> _Listed entries_:
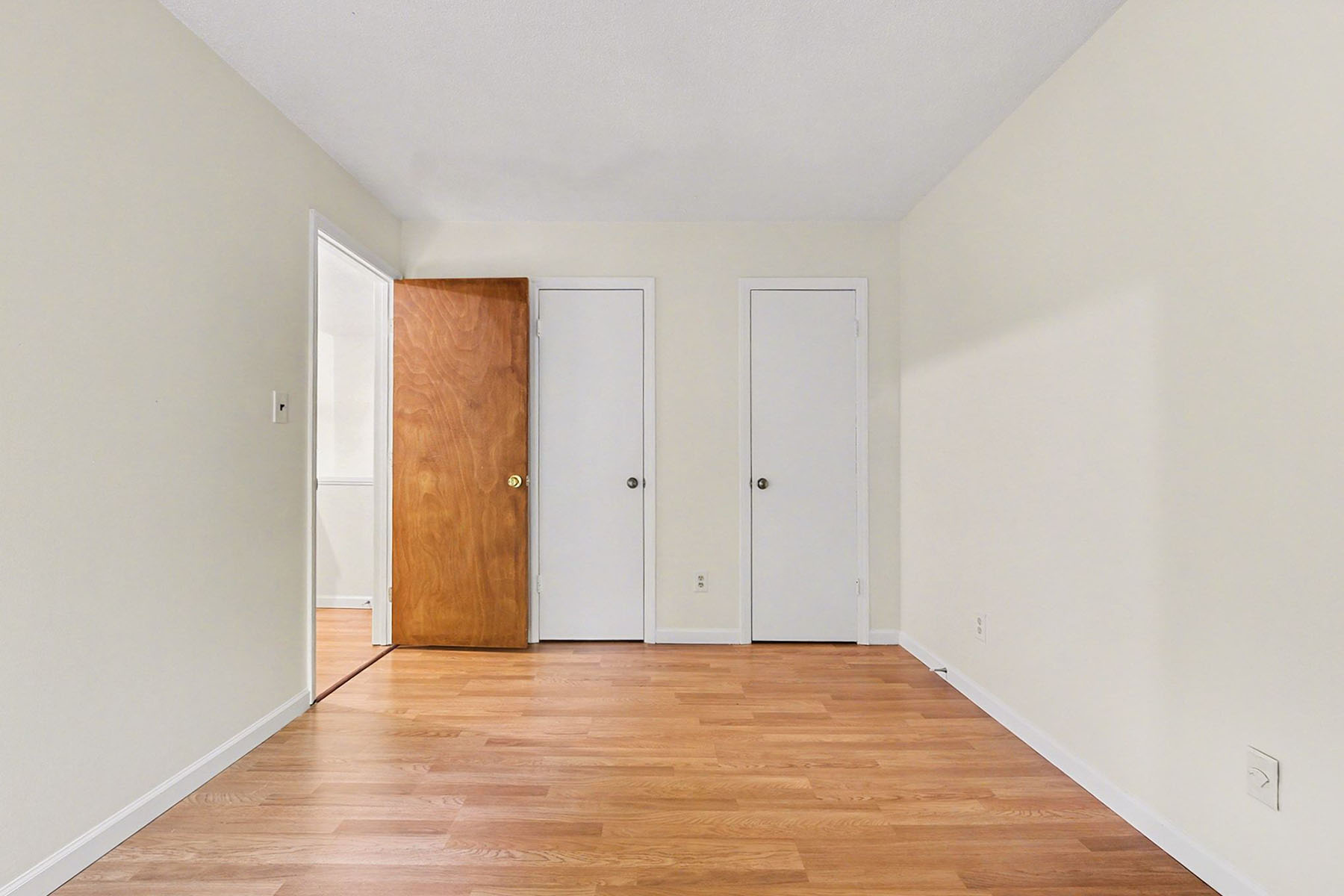  RAINTREE - 物件實景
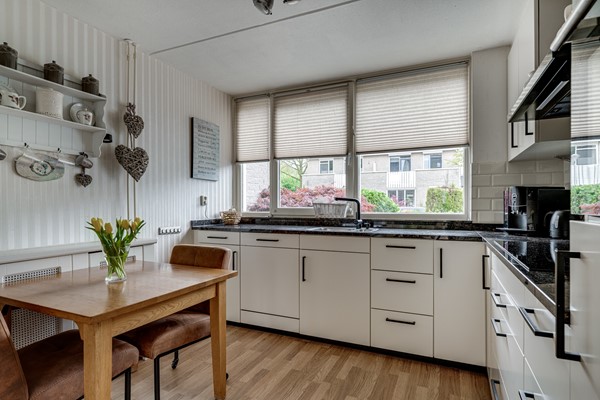 Medium property photo - Klaroen 9, 6904 PB Zevenaar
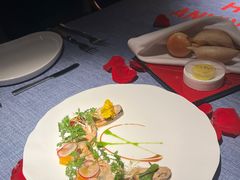 -弦月窗LUNETTE BY AMANDA(复兴路店)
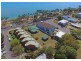 319 Charlton Esplanade, Scarness QLD 4655
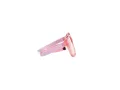 Miraflex Brillen MF 4032 N239 46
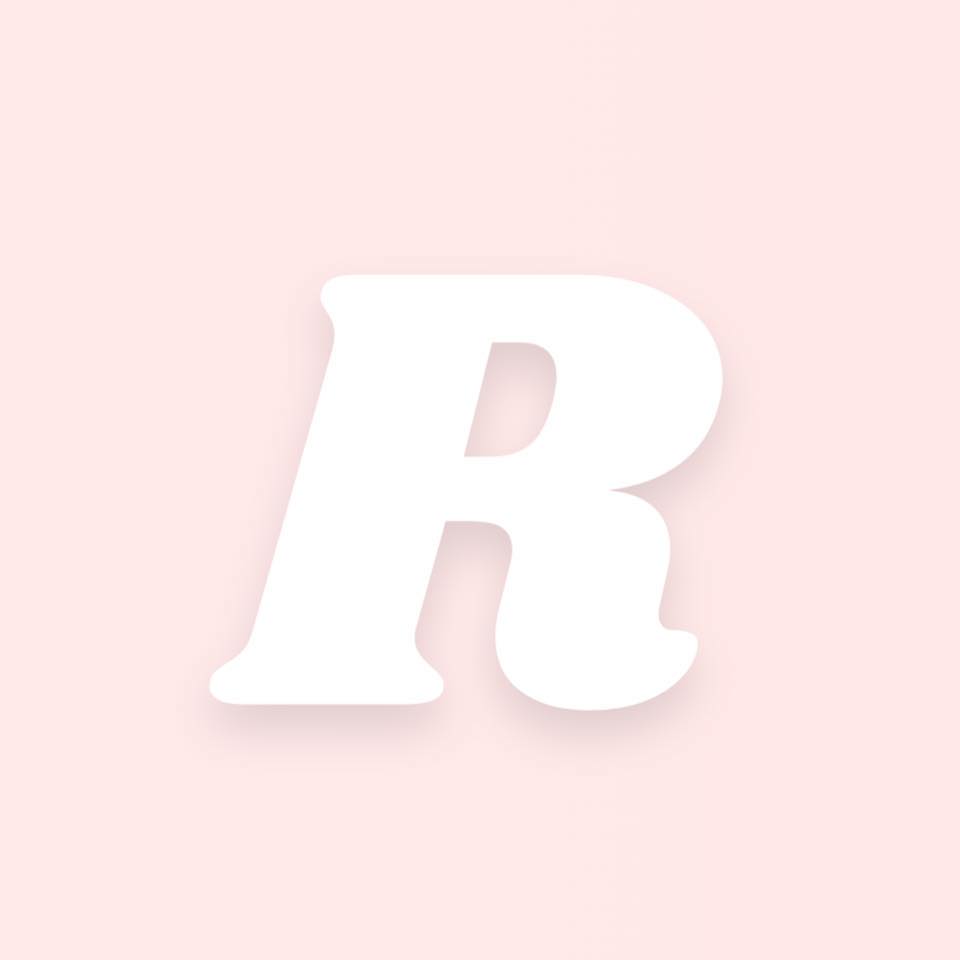 Restyla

> _Required action_:
Exactly reproduce the lines beginning at the one that contains "319 Charlton Esplanade, Scarness QLD 4655" and ending at the final line of the material, with the pictures left out.

> _Solved exercise_:
 319 Charlton Esplanade, Scarness QLD 4655
 Miraflex Brillen MF 4032 N239 46
 Restyla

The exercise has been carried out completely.